6. \(\left[ {\begin{array}{*{20}{c}}{ - 4}&{ - 3}&0\\0&{ - 1}&4\\1&0&3\\5&4&6\end{array}} \right]\)

The vectors are said to be linearly independent if the equation \(A{\bf{x}} = 0\) has a trivial solution, where A is the matrix and xis the vector.

Consider the matrix \(\left[ {\begin{array}{*{20}{c}}{ - 4}&{ - 3}&0\\0&{ - 1}&4\\1&0&3\\5&4&6\end{array}} \right]\).Asthe matrix has three columns, there should be three entries in the vector.

Thus, the matrix equation is \(\left[ {\begin{array}{*{20}{c}}{ - 4}&{ - 3}&0\\0&{ - 1}&4\\1&0&3\\5&4&6\end{array}} \right]\left[ {\begin{array}{*{20}{c}}{{x_1}}\\{{x_2}}\\{{x_3}}\end{array}} \right] = \left[ {\begin{array}{*{20}{c}}0\\0\\0\\0\end{array}} \right]\), and it is in \(A{\bf{x}} = {\bf{0}}\) form.

Write the augmented matrix \(\left[ {\begin{array}{*{20}{c}}A&{\bf{0}}\end{array}} \right]\) as shown below:

\(\left[ {\begin{array}{*{20}{c}}{ - 4}&{ - 3}&0&0\\0&{ - 1}&4&0\\1&0&3&0\\5&4&6&0\end{array}} \right]\)

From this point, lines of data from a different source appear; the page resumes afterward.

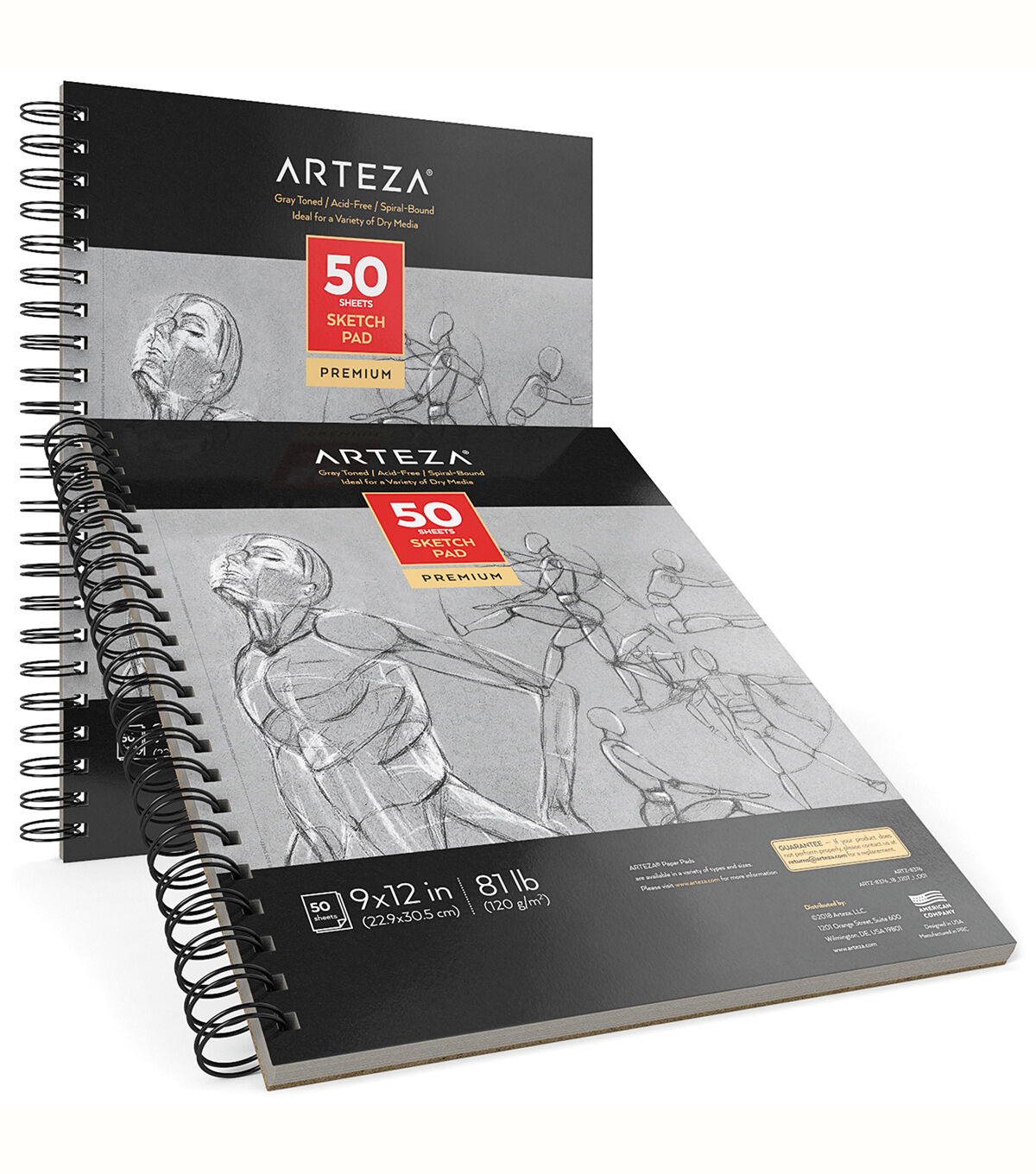Arteza Gray Toned Sketchbook 9''x12'' 50 Sheets of Paper 2pk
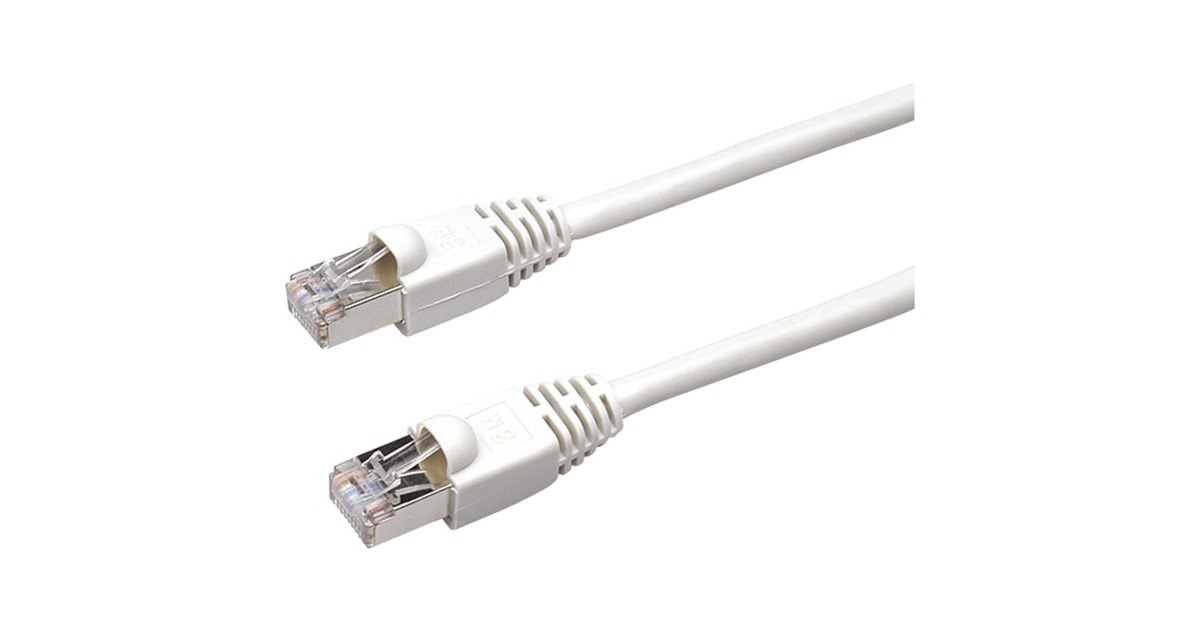Bachmann CAT6a RJ45 Patch-Kabel(weiß, 5 Meter, geschirmt)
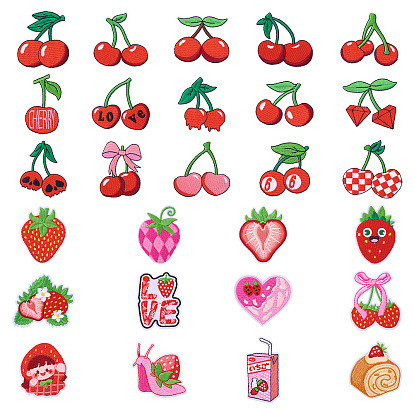 27pcs ftuit patches, утюг / пришить аппликации, аксессуары для костюма, для одежды, сумка брюки, обуви, чехол для мобильного телефона, клубника и вишня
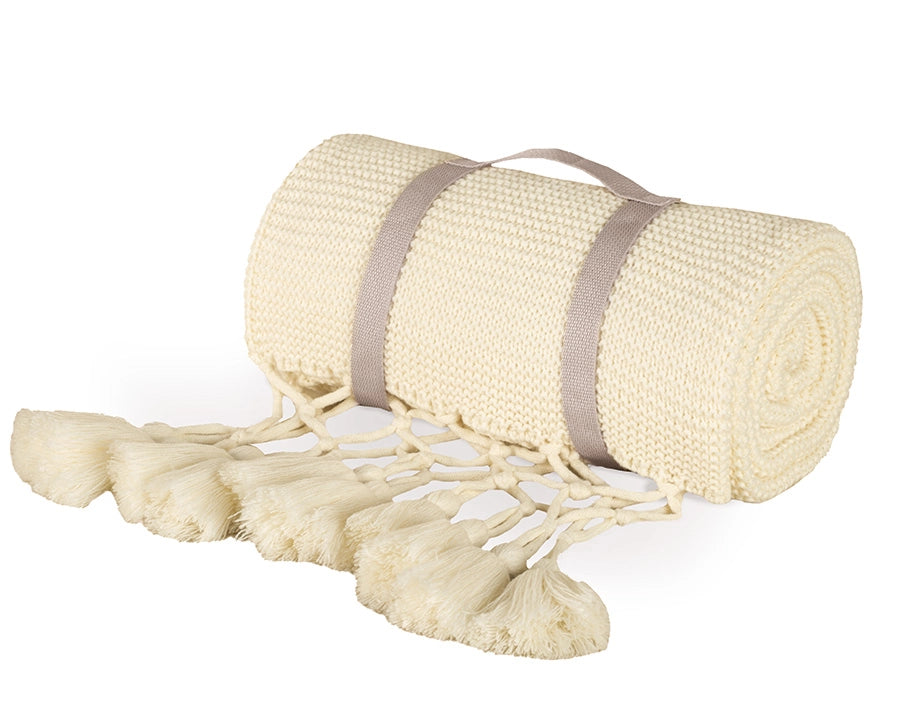 Manta / Peseira Solar Decorativa em Tricô com Detalhes em Macramê e Tassel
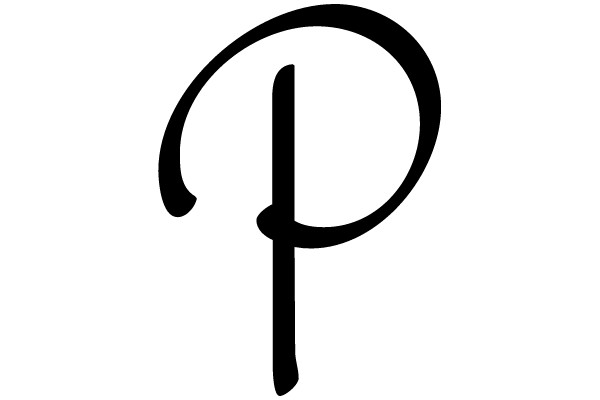 Black Cursive Letter P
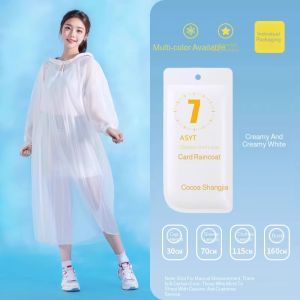 เสื้อกันฝน กันน้ำ ม่านกันฝน แบบยาว ป้องกันฝนตกหนั ก าร์ด นุ่มสบาย การท่องเที่ยว สะดวก หนาขึ้น ทนทาน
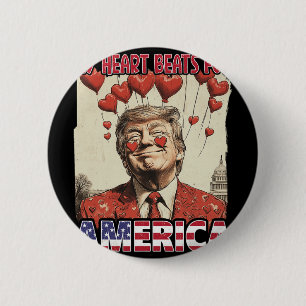 Macaron Rond 5 Cm Mon coeur bat pour l'Amérique Trump Saint-Valentin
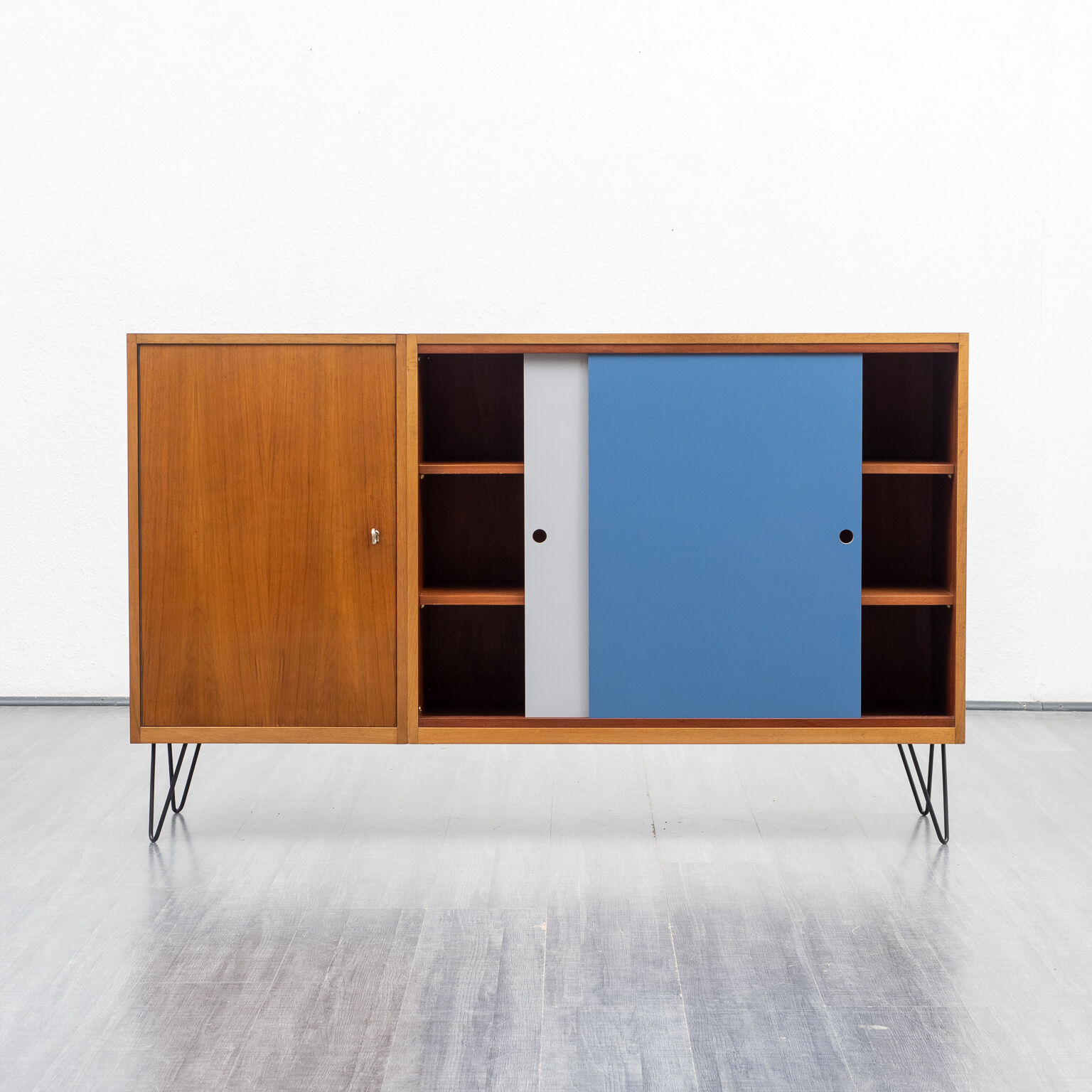 Enfilade bois de noyer portes colorée restauré 150cm
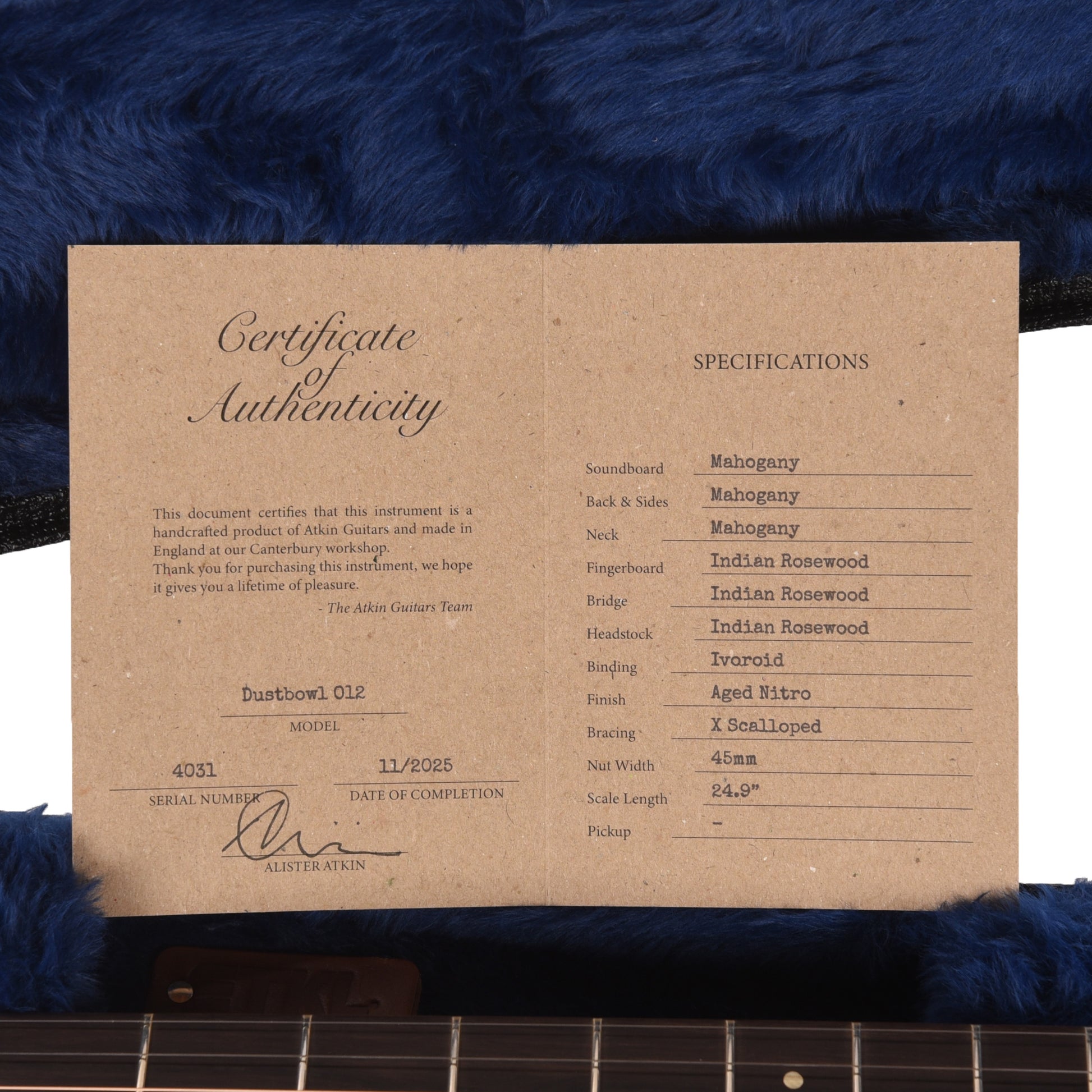 Atkin Dust Bowl 0 12-Fret Mahogany Sunburst w/Herringbone Trim Acoustic Guitars / Dreadnought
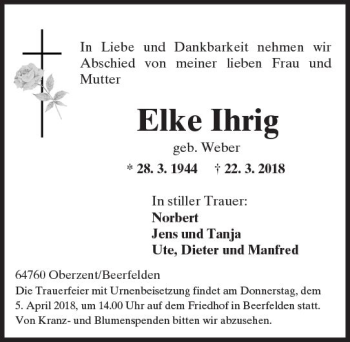 Traueranzeige von Elke Ihrig von Trauerportal Rhein Main Presse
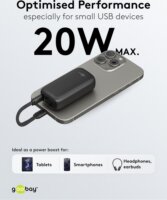 Goobay 76250 Powerbank integrált kábellel USB-C 5000mAh 20W - Fekete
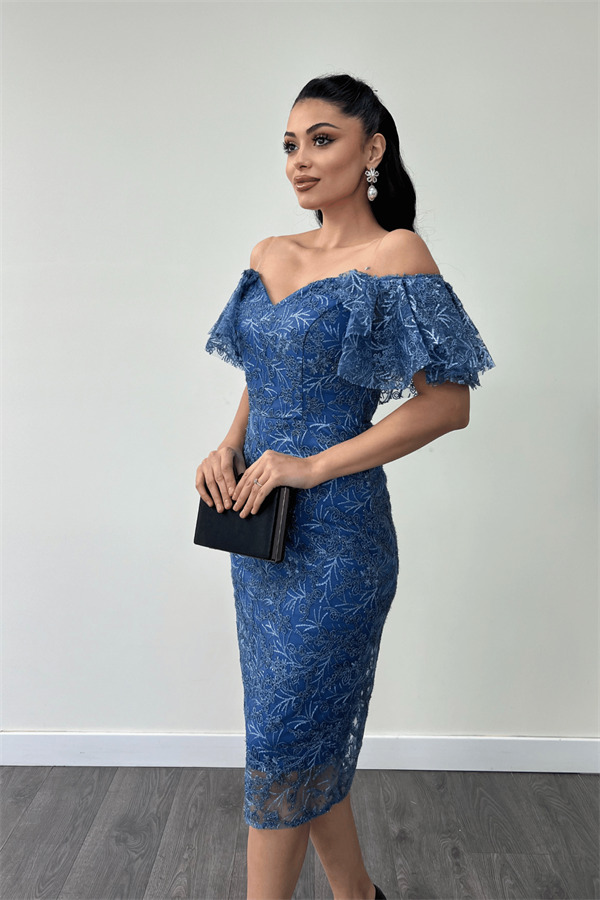 İşleme Dantel Kumaş Kayık Yaka Kalem Elbise - İNDİGO MAVİ - 3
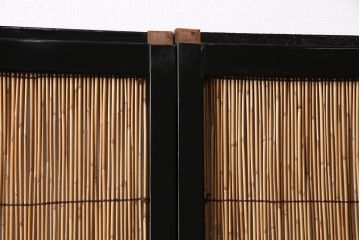 ビンテージ建具　上手物　漆塗り　泳ぐ鯉の透かしが風情漂う御簾戸4枚セット(簾戸、簀戸、葭戸、夏障子、夏戸、葦戸)(R-047612)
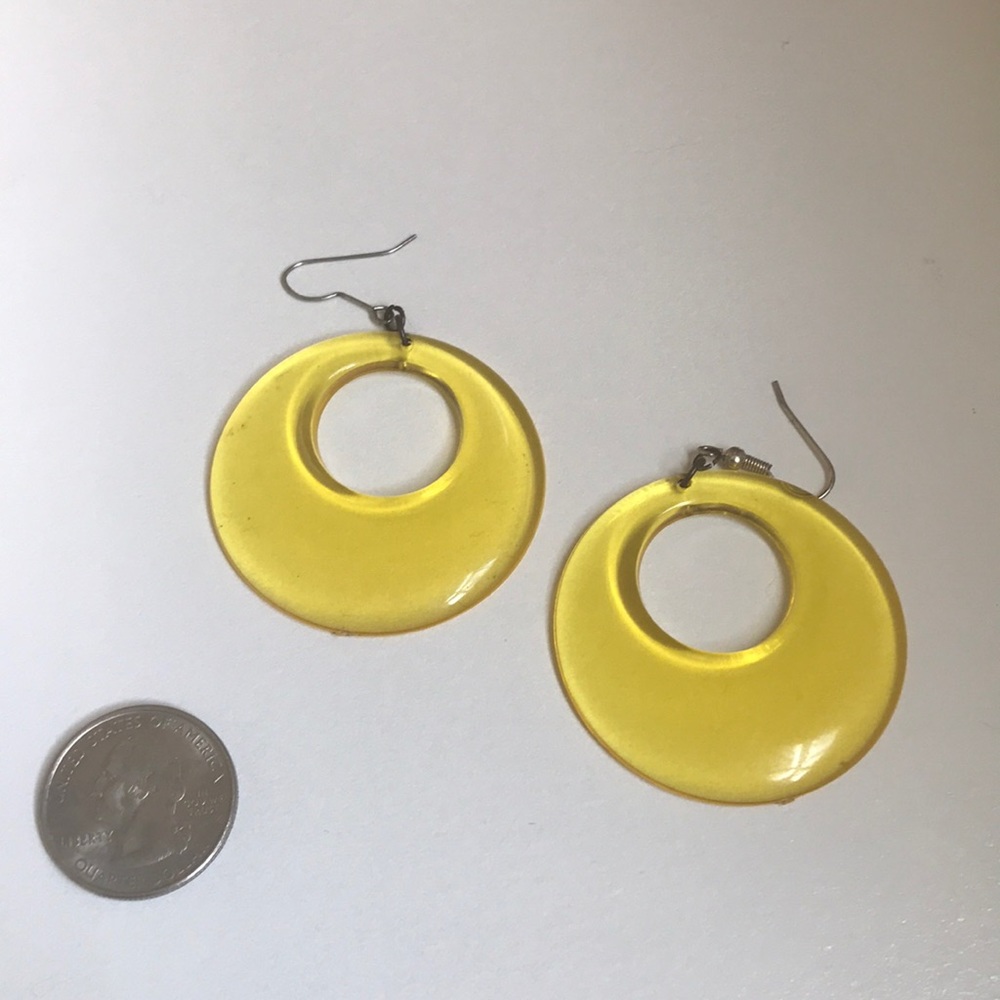 Lemon Yellow Vintage Hoop Dangle Earrings - Picture 2 of 3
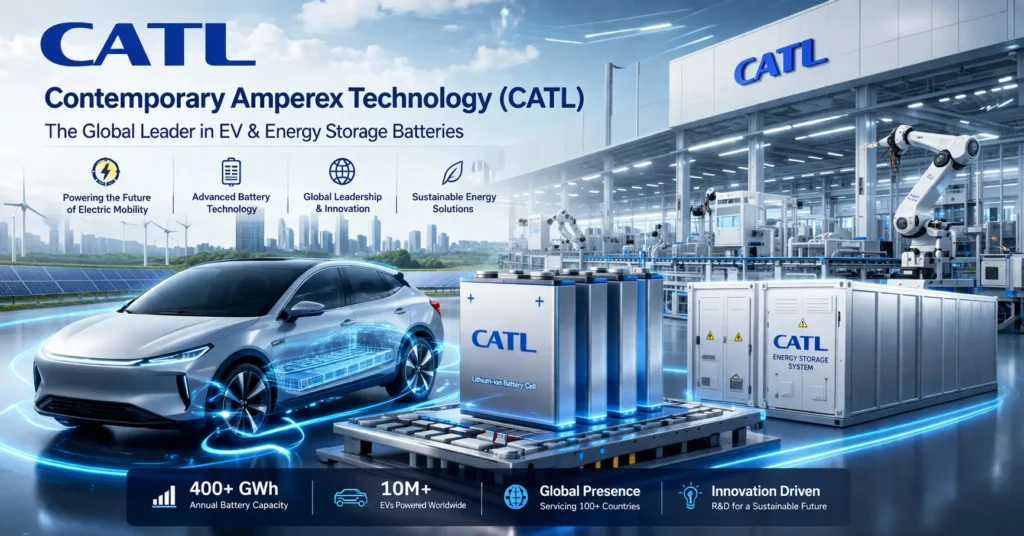 Contemporary Amperex Technology CATL EV and energy storage battery systems in a futuristic industrial setting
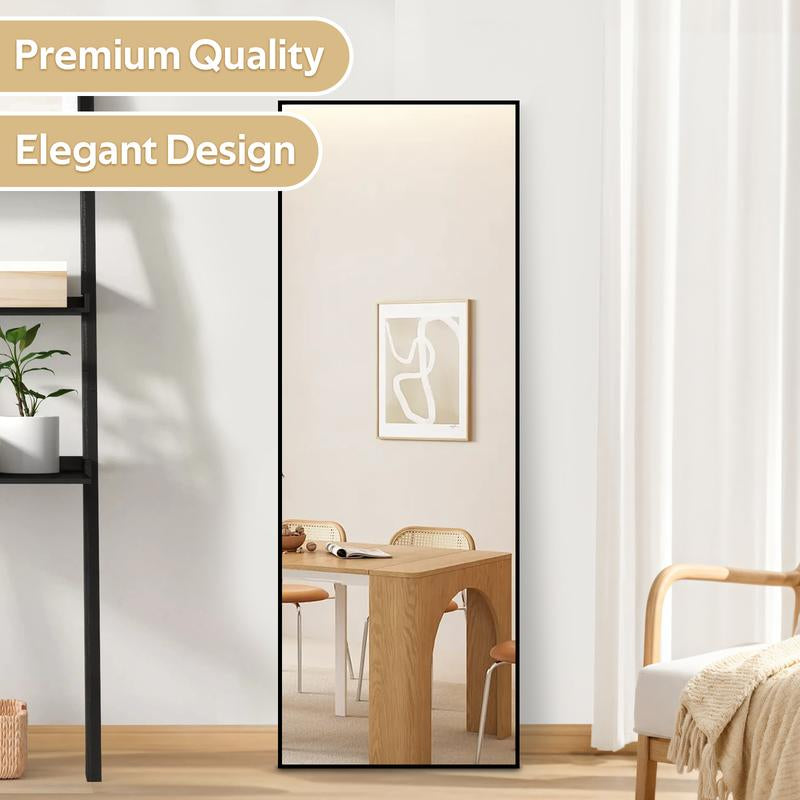 Jocoevol Elegant Full-Length Mirror “16“X”59" for Bedroom, Full Body Mirror with Stand, Hanging or Leaning for Wall, Aluminum Alloy Thin Frame Floor Standing for Living Room, Tall, Black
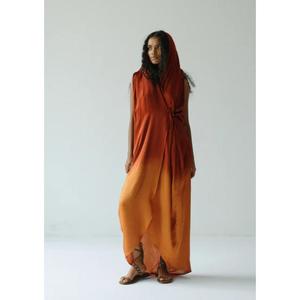 Women Ombre for Orange Eco-Friendly Natural Waist Floor-Length Sleeveless Draped Wrap Style <b>Boho</b> <b>Summer</b> Beach Maxi <b>Dress</b> - Product Image 1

In the echelon form, at the top of the left-most column, the leading entry should be non-zero.

Interchange rows one and three.

\(\left[ {\begin{array}{*{20}{c}}{ - 4}&{ - 3}&0&0\\0&{ - 1}&4&0\\1&0&3&0\\5&4&6&0\end{array}} \right] \sim \left[ {\begin{array}{*{20}{c}}1&0&3&0\\0&{ - 1}&4&0\\{ - 4}&{ - 3}&0&0\\5&4&6&0\end{array}} \right]\)

Add 4 times row one to row three to eliminate the \( - 4{x_1}\) term from the third equation. Add \( - 5\) times row one to row four to eliminate the \(5{x_1}\) term from the fourth equation.

\(\left[ {\begin{array}{*{20}{c}}1&0&3&0\\0&{ - 1}&4&0\\{ - 4}&{ - 3}&0&0\\5&4&6&0\end{array}} \right] \sim \left[ {\begin{array}{*{20}{c}}1&0&3&0\\0&1&{ - 4}&0\\0&{ - 3}&{12}&0\\0&4&{ - 9}&0\end{array}} \right]\)

Add 3 times row two to row three to eliminate the \( - 3{x_2}\) term from the third equation. Add \( - 4\) times row two to row four to eliminate the \(4{x_2}\) term from the fourth equation. Interchange rows three and four.

\(\left[ {\begin{array}{*{20}{c}}1&0&3&0\\0&{ - 1}&4&0\\0&{ - 3}&{12}&0\\0&4&{ - 9}&0\end{array}} \right] \sim \left[ {\begin{array}{*{20}{c}}1&0&3&0\\0&1&{ - 4}&0\\0&0&1&0\\0&0&0&0\end{array}} \right]\)

Mark the non-zero leading entries in columns 1, 2 and 3.

According to the pivot positions in the obtained matrix, there are no free variables.

Thus, the homogeneous equation has a trivial solution (only one solution of the equation), which means the vectors are linearly independent.